Fit a polynomial and calibrate
This fits all polynomials up to degree six, i.e.
y = p(0) + p(1)x + p(2)x^2 + p(3)x^3 + ... + p(6)x^6
and provides the same functionality as program POLNOM, which should be consulted for more details. Try polnom.tf1 again and select a polynomial of degree 2 (a quadratic). Note how the standard curve is now much better than when a line is fitted and the prediction of x given y is more meaningful due to the allowance made for curvature in the calibration data. For very complicated calibration curves program QNFIT should be used to fit user-selected models or program CALCURVE should be used to fit weighted least squares cubic splines.

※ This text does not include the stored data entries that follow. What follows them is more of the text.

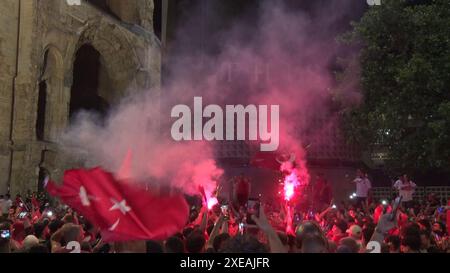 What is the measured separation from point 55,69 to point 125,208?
1858 centimetres

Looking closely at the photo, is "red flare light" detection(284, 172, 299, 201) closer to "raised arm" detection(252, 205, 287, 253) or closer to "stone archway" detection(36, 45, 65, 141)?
"raised arm" detection(252, 205, 287, 253)

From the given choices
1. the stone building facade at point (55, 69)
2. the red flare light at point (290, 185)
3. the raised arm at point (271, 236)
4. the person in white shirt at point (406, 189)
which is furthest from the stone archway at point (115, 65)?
the raised arm at point (271, 236)

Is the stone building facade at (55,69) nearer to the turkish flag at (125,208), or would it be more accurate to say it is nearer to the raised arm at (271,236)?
the turkish flag at (125,208)

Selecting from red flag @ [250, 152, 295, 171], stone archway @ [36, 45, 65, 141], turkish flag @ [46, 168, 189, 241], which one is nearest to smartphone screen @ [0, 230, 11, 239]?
turkish flag @ [46, 168, 189, 241]

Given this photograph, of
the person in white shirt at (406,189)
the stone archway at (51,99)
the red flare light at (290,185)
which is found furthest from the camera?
the stone archway at (51,99)

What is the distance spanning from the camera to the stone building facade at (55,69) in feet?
63.7

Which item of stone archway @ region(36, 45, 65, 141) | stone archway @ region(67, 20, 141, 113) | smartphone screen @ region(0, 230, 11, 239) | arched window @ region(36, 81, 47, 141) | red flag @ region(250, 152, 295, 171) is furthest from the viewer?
stone archway @ region(67, 20, 141, 113)

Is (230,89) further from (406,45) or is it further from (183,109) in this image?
(406,45)

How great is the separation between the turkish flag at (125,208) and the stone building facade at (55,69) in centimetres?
1597

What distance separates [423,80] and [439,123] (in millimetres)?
1381

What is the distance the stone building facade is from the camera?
1941 centimetres

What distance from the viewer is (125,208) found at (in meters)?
4.23

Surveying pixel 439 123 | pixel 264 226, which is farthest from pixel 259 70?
pixel 264 226

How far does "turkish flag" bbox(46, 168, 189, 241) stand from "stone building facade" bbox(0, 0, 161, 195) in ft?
52.4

Fit a transformed polynomial by least squares and calibrate
This routine replaces y by some chosen Y = f(y) and fits a polynomial in some chosen X = g(x). For instance, chosing f(y) = log[y/(1 - y)] and g(x) = x gives a simplified type of logistic regression, where the original measured responses are proportions with 0 < y < 1, or percentages with 0 < y < 100, and it is wished to fit a line, quadratic or higher degree polynomial to transformed data by least squares, e.g. for data smoothing or calibration. In this case the sequence would be
Y = log[y/(1 - y)] or log[y/(100 - y)]
X = x or log(x)
followed by fitting the model
Y = p(0) + p(1)X + p(2)X^2 + p(3)X^3 + ... + p(6)X^6.
It can be useful when the y-values do not correspond to a binomial distribution, e.g. due to overdispersion, so that generalized linear model fitting does not correspond to maximum likelihood and may be no more justified than least squares fitting. The idea is that you read in a two column (x,y) data sample and the program first transforms the y data to Y = f(y), e.g. to log[y/(1 - y)], and possibly also the x values to X = g(x), e.g. to log[x], before fitting a sequence of polynomials up to degree 6. This is often done when the y values are proportions (between 0 and 1) and it is wished to fit a smooth S-shaped curve. It is possible to normalise the y-values supplied if they are percentages rather than proportions by dividing by 100, and either natural or base ten logarithms can be used. Whatever weights are supplied, the program will always set all s = 1 and do unweighted regression, since transforming weights can lead to problems with these types of transformed regressions. Try fitting logistic.tf1, using log[y/(1-y)] as a function of log[x], to get the idea. However note that, whatever transformation is chosen, the symbols x and y after the fitting will always represent the transformed variables and not the original variables in subsequent tables and plots. Also note that, for true logistic regression with possibly several variables, you should select the generalized linear model option (GLM) and choose binomial errors with a logistic link function. Polynomials can also be fitted by GLM if the independent variable x is used to form other independent variables, e.g. x_1 = x, x_2 = x-squared, x_2 = x-cubed, and so on.

Multilinear regression
This technique is used when a dependent variable (y) depends on several independent variables (x_1, x_2, ..., x_n) in a linear manner, as in
y = p(0) + p(1)x_1 + p(2)x_2 + ... + p(n)x_n
and the experimental errors are independent and normally distributed. Often the error variance is not constant, so weighting factors (s) can be supplied to calculate weights for fitting according to w = 1/s-squared. Try the test file linfit.tf1 (which is singular) or linfit.tf2 (which has full rank) to see how SVD is used for problems with reduced rank. For full details of how to use this option or how to do GLIM or robust fitting consult program LINFIT. Note that the order of the data columns is x_1, x_2, x_3, ..., x_n, y, s but you can de-select columns or weights if required. To include categorical variables, i.e. qualitative variables or factors with several levels, dummy indicator variables can be defined, e.g. to fit allowing for male or female as a covariate you could set x_1 = 1, x_2 = 0 for male and x_1 = 0, x_2 = 1 for female, etc. Of course x_1 and x_2 should not both be included in the regression at the same time as the model would be overdetermined if a constant term were to be fitted as well as x_1 and x_2. It does not matter which of x_1 or x_2 is included as long as they are not both included at the same time. In general, a factor with m levels can be included in the regression by defining m dependent (0,1) dummy indicator variables, but then suppressing one, so that only m - 1 independent indicator variables are included. Otherwise this approach leads to overdetermined systems with loss of rank, where only certain functions of the parameters can be estimated but not all the parameters, i.e. aliasing.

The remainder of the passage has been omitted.